Axioms are assumptions which are unprovable or difficult to prove.  However, they may be disproved or refuted from the facts of observation.  False axioms are fallacies which lead to illogical or unscientific propositions which contradict the real-world.  For this reason, axioms need to be constantly reviewed and tested, in order to maintain the integrity of a body of knowledge.  They are listed here.

1. Economics is the knowledge of how humans collectively meet their needs and wants under uncertainty and constraints.

2. Axiom of change: Humans evolve. Anything created by humans, including their institutions, can be destroyed or changed by other humans. Humans are both reflective and creative in meeting their changing needs and wants.

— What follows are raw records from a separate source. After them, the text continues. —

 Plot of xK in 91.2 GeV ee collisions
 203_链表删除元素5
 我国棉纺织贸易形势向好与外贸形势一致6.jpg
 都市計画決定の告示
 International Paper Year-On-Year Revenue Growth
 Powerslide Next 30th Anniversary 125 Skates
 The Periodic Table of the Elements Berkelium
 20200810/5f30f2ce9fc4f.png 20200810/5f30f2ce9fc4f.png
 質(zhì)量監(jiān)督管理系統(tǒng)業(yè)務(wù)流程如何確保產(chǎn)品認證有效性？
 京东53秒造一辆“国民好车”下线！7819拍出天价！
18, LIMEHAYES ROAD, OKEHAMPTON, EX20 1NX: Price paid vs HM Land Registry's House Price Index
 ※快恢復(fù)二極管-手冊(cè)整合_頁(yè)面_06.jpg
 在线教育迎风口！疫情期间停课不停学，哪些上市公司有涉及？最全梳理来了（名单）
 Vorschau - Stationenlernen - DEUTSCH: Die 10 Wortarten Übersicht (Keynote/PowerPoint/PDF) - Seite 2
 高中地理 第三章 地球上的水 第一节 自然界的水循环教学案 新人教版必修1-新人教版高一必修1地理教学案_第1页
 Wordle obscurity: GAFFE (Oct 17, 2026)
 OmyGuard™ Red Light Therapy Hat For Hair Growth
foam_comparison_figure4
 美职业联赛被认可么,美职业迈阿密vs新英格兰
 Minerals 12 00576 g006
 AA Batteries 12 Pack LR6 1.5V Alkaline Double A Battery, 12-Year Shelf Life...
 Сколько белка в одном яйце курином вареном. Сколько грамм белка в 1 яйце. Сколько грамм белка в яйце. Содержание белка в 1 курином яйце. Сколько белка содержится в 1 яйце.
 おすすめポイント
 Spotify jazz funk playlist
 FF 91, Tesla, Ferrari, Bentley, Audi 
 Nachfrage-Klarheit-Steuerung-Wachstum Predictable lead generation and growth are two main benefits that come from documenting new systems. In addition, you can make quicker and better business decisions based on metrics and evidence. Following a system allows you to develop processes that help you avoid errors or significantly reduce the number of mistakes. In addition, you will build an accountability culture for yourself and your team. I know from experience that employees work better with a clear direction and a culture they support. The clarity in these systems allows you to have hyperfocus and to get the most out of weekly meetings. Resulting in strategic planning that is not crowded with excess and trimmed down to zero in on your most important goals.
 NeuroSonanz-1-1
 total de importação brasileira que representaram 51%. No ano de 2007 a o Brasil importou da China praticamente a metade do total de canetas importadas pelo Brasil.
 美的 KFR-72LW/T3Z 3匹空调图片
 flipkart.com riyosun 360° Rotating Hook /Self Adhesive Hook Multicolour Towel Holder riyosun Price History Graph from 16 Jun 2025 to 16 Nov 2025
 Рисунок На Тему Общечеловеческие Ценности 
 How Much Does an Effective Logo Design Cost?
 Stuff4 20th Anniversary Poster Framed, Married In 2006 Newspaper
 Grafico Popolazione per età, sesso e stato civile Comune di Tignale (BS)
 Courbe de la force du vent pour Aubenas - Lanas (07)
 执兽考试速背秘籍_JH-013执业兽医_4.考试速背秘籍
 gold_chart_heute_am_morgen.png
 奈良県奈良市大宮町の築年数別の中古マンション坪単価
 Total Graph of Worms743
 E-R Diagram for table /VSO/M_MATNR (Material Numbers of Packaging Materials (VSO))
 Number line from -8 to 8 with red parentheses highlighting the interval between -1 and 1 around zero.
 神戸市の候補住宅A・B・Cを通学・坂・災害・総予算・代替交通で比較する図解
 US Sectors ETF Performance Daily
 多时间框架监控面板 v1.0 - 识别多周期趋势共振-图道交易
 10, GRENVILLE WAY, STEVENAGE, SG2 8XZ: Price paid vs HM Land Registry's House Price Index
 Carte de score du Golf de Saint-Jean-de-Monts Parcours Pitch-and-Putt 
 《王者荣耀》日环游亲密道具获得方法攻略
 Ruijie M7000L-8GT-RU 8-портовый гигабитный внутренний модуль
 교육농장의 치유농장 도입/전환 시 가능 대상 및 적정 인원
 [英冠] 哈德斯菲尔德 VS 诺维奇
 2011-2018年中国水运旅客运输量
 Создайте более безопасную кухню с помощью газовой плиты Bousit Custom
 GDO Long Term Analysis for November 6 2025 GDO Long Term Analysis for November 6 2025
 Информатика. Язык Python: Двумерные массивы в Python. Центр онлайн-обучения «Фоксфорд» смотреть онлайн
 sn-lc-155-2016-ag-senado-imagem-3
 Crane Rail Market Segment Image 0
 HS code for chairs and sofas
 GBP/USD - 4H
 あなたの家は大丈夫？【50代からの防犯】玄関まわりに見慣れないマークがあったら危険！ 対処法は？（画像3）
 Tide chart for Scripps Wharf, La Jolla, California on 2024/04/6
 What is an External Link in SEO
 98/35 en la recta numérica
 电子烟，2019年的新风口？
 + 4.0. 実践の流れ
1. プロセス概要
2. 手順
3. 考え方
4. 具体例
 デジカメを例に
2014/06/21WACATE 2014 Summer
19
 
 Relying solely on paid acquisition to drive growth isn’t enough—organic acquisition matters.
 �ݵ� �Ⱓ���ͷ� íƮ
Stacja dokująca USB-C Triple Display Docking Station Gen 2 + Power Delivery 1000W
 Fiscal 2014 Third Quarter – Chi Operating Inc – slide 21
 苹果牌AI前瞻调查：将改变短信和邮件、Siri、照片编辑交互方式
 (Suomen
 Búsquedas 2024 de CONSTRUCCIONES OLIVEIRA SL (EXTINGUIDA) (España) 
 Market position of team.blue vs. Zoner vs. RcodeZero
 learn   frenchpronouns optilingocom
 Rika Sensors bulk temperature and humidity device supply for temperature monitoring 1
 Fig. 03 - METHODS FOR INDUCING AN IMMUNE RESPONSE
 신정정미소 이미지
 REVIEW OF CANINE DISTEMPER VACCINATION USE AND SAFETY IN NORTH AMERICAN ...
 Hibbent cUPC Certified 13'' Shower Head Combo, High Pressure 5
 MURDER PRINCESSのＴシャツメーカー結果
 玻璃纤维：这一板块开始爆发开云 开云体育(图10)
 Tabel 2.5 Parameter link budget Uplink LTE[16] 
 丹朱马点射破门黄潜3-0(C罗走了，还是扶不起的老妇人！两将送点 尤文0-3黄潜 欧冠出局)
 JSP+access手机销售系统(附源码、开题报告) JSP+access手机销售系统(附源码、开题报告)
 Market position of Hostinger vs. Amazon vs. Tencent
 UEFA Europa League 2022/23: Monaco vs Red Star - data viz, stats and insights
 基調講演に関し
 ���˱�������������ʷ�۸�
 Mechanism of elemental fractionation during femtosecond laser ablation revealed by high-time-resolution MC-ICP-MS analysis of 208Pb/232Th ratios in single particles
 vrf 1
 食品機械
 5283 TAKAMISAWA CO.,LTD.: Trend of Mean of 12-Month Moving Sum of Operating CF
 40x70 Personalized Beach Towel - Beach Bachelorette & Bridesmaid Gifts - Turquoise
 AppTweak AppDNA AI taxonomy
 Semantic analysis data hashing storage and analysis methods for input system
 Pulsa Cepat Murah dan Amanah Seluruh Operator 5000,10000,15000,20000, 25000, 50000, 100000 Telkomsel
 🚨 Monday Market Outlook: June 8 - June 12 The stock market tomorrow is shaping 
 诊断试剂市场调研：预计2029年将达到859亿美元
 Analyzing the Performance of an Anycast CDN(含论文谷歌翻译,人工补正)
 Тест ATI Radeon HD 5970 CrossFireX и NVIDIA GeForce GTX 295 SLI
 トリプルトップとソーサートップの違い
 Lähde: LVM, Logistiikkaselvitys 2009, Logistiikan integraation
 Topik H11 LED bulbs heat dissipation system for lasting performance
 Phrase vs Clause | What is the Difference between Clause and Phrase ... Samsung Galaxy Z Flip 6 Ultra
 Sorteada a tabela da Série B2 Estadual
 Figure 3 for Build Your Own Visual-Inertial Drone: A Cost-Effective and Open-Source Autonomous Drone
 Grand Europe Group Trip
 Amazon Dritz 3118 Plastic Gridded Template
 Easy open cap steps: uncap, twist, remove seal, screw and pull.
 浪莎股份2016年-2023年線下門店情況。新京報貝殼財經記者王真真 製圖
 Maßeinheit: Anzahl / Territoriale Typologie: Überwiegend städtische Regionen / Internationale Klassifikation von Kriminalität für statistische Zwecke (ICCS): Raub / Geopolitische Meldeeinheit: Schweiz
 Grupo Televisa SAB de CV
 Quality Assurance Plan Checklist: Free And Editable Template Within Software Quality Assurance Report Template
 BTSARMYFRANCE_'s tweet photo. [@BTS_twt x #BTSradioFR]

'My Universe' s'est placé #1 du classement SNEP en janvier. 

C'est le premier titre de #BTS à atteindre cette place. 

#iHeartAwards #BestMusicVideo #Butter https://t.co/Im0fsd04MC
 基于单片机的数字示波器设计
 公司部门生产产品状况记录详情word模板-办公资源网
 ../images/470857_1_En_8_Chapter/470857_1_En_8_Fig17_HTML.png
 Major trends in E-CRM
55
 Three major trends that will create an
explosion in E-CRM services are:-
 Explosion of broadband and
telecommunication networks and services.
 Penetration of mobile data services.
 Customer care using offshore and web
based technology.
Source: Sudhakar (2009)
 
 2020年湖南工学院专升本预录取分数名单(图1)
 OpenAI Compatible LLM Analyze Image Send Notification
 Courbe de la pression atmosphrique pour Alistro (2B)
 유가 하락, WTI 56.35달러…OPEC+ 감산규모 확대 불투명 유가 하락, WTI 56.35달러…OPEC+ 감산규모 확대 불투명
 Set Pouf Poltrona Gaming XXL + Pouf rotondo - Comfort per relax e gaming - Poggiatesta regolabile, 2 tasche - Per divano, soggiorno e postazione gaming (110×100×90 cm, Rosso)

3. Axiom of fallibility: Humans are fallible, capable of both good and evil.  Given any economic objective, humans will seek to meet their objectives with the least effort or least cost. In this, they are corruptible and prone to errors.

4. Axiom of finite resources: At any instant in time, the amount of resources in an economy is finite.

5. Axiom of macroeconomics: Economic growth is generated from net investment in the production of goods and services.  Net investment is a necessary condition for wealth accumulation.

6. Axiom of wealth: New wealth is created by supplying successfully to new and uncertain demand. New wealth creation cannot be planned; it comes from individuals taking gambles with their own resources.

7. Axiom on behaviour: Individual or institutional behaviour adapts to incentives, feedback and consequences.  Their behaviours in dealing with others are not necessarily moral.

2 Responses to Axioms

  1. David Chester says:

    For use in Macroeconomics, the subject is introduced with the two Georgist axioms of 1879 "Progress and Poverty", which I give below.

    "Man seeks to satisfy his needs with the minimum exertion"

    "Man's needs are unlimited"

    They are oxymorons, yet it is this combination which creates the nature of the economics as we know it. I find that in almost all of macroeconomics that a combination of opposites is what drives the particular subject or activity and so I give a lot of credit to Henry George who was astute enough to begin in this way.

  2. David Chester says:

    I like the idea that there are constraints in economics. Some details of them may be found in the last chapter but one in my book: "Consequential Macroeconomics--Rationalizing About how Our Social System Works".

    In my opinion it is only after serious governments have properly understood how these restraints come into being and what to do to reduce them, that true progress in a country's prosperity can be made.